### Instructions for the task
Go to the line with "Hello guys, how" in the records below, then output it and each following line exactly, up to and including the line with "This is a lesson". Skip pictures and add nothing.

### Listed entries
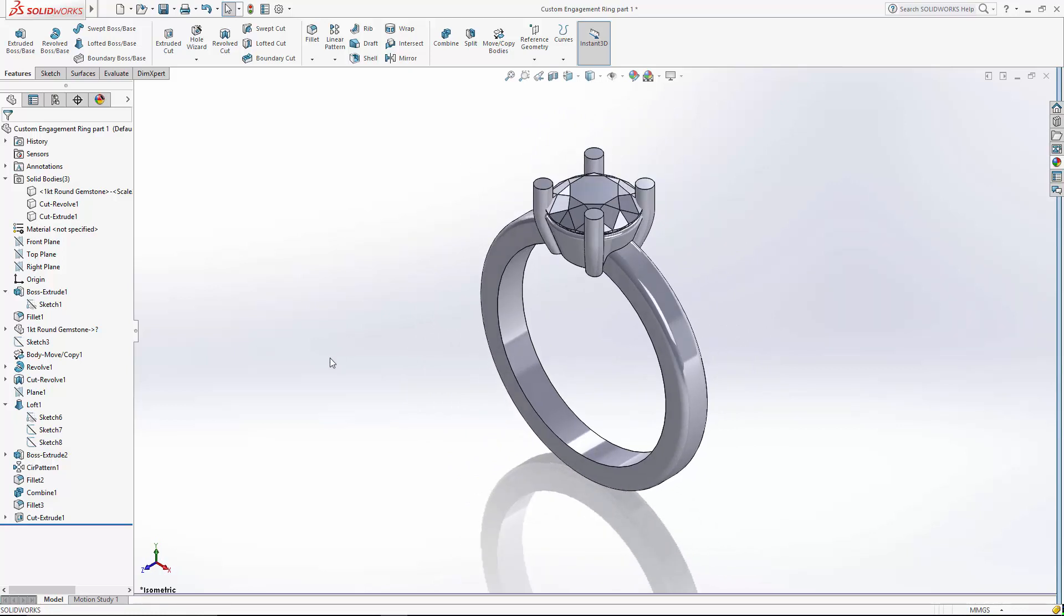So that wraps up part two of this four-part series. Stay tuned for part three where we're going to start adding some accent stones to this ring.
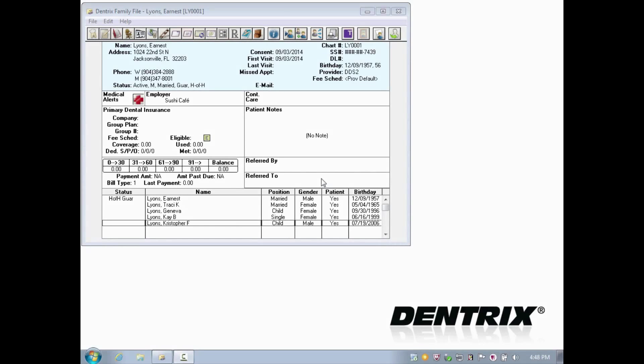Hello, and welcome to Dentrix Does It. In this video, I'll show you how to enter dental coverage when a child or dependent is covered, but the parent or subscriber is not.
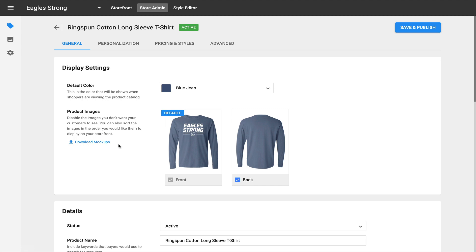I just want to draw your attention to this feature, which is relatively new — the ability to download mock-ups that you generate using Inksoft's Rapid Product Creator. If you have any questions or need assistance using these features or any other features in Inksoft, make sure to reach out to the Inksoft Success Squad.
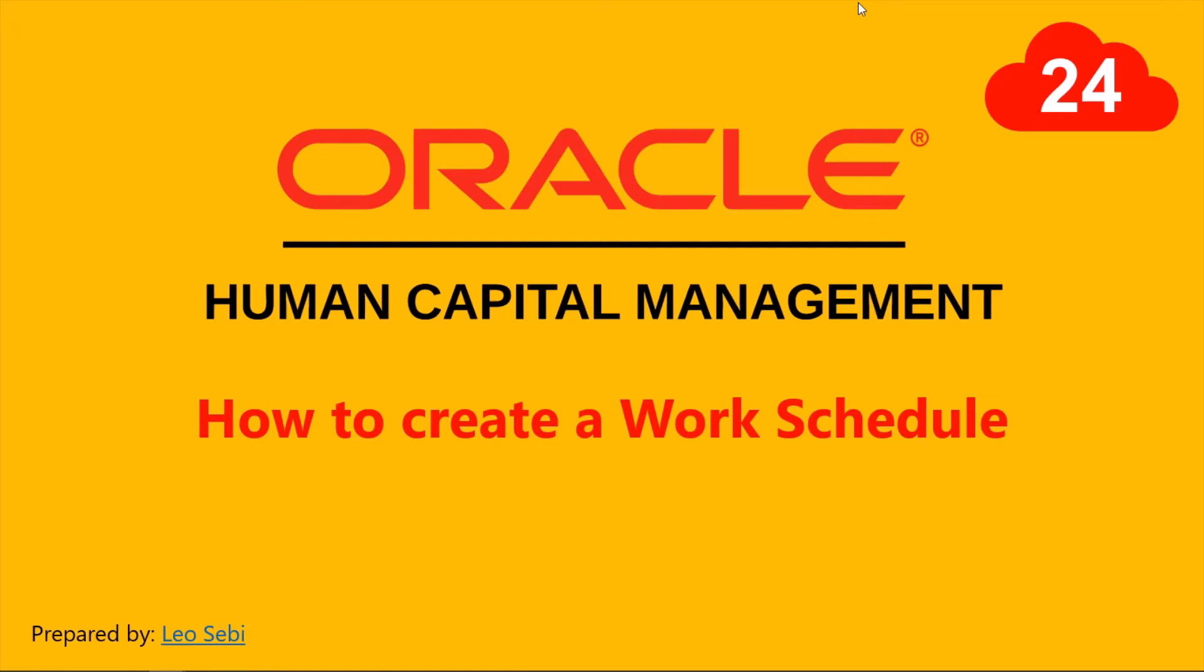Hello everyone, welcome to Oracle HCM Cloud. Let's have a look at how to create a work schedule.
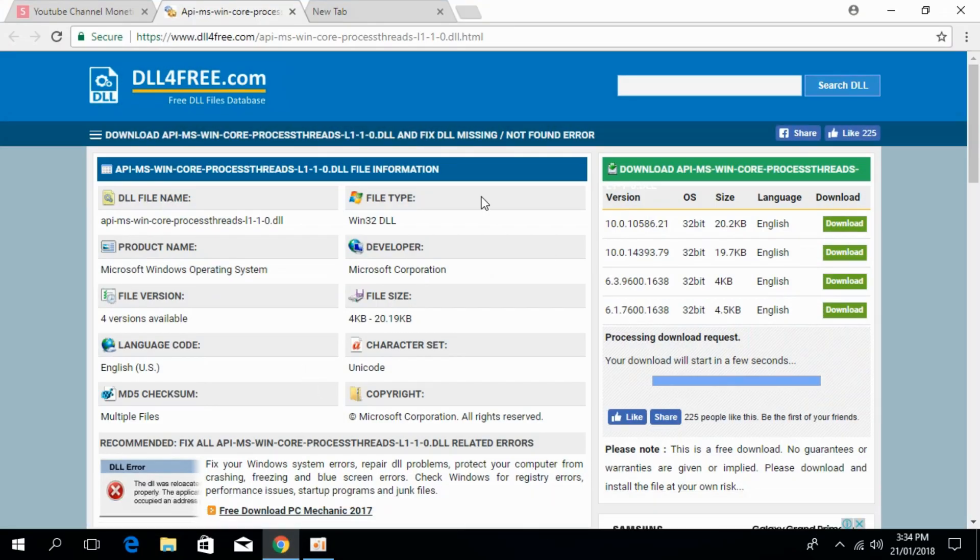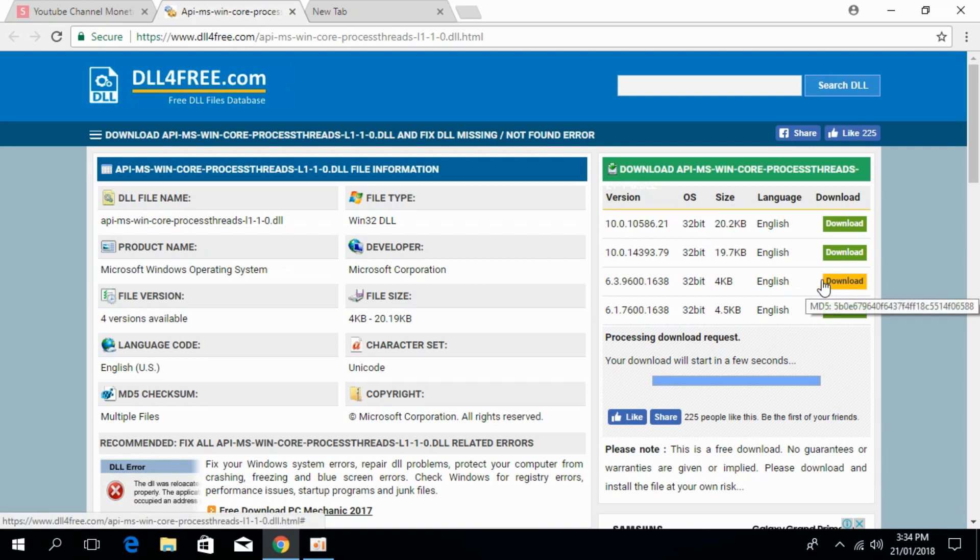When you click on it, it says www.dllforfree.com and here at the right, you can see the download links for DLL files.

* * *

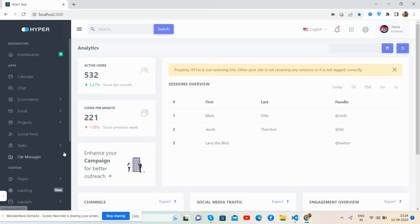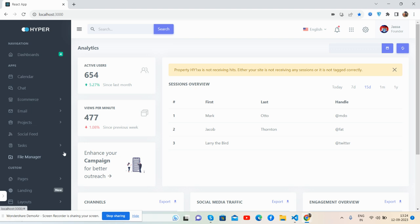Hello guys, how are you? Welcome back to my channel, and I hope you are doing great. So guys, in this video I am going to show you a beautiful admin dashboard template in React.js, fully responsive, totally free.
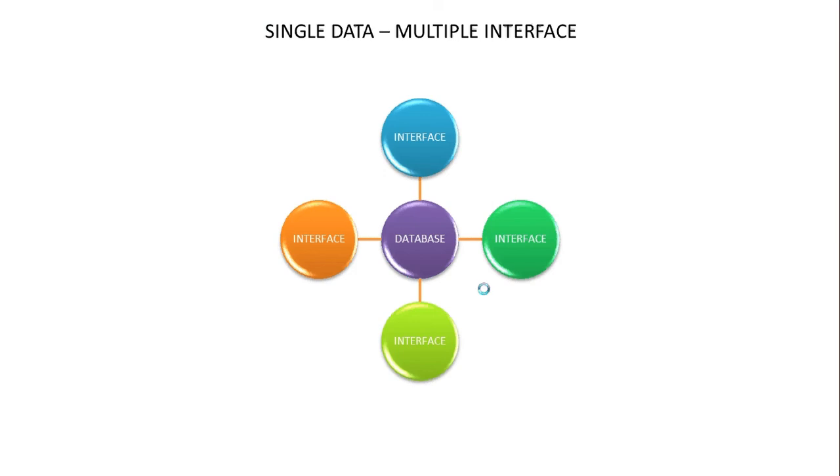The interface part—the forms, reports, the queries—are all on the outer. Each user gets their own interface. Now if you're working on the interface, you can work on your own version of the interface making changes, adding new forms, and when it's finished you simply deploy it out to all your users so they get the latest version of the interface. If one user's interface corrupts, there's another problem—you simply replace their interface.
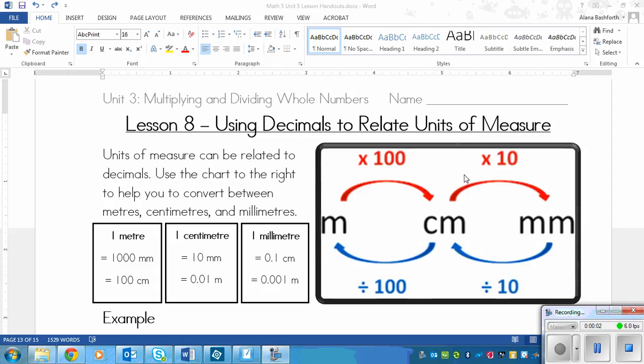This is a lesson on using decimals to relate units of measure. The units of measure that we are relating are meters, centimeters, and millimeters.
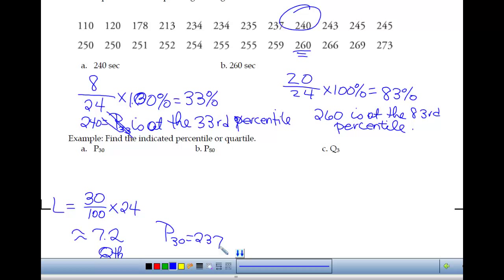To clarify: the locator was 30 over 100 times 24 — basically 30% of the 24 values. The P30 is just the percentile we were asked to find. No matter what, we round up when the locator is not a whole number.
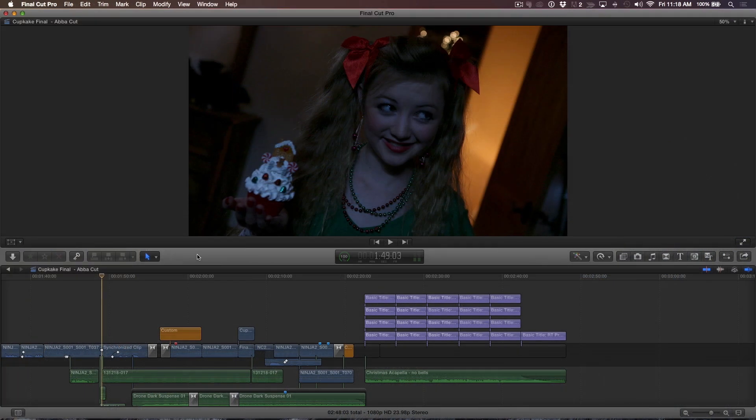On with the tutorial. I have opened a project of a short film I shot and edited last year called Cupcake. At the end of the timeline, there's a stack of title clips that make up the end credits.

==

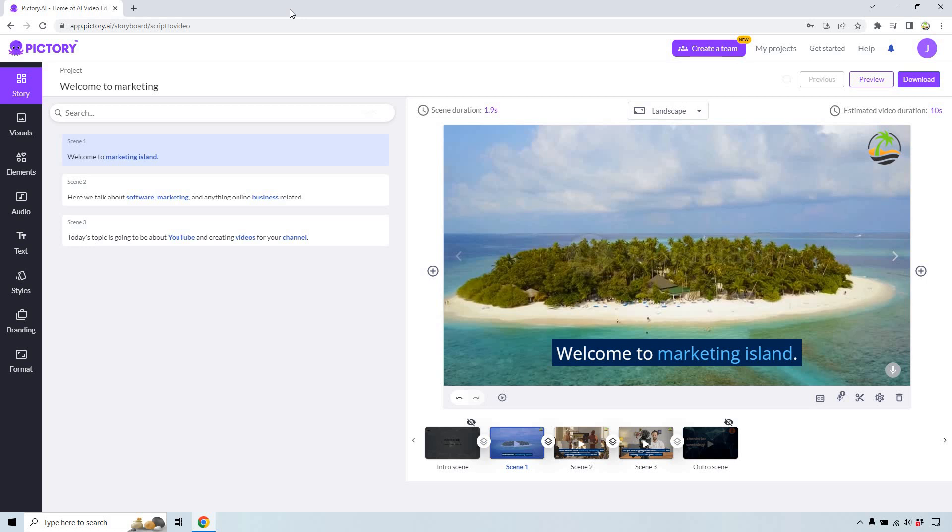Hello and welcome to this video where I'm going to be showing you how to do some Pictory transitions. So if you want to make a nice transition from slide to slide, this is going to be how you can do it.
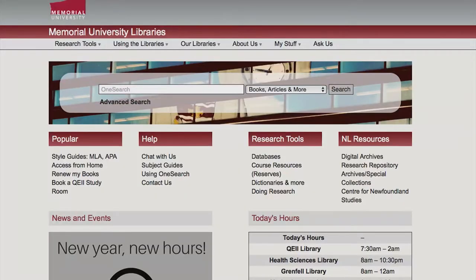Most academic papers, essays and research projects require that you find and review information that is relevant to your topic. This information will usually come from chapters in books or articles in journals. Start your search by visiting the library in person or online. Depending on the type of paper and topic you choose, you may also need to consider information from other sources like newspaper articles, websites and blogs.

### Response area
Hello guys, how are you? Welcome back to my channel, and I hope you are doing great. So guys, in this video I am going to show you a beautiful admin dashboard template in React.js, fully responsive, totally free.
The interface part—the forms, reports, the queries—are all on the outer. Each user gets their own interface. Now if you're working on the interface, you can work on your own version of the interface making changes, adding new forms, and when it's finished you simply deploy it out to all your users so they get the latest version of the interface. If one user's interface corrupts, there's another problem—you simply replace their interface.
This is a lesson on using decimals to relate units of measure. The units of measure that we are relating are meters, centimeters, and millimeters.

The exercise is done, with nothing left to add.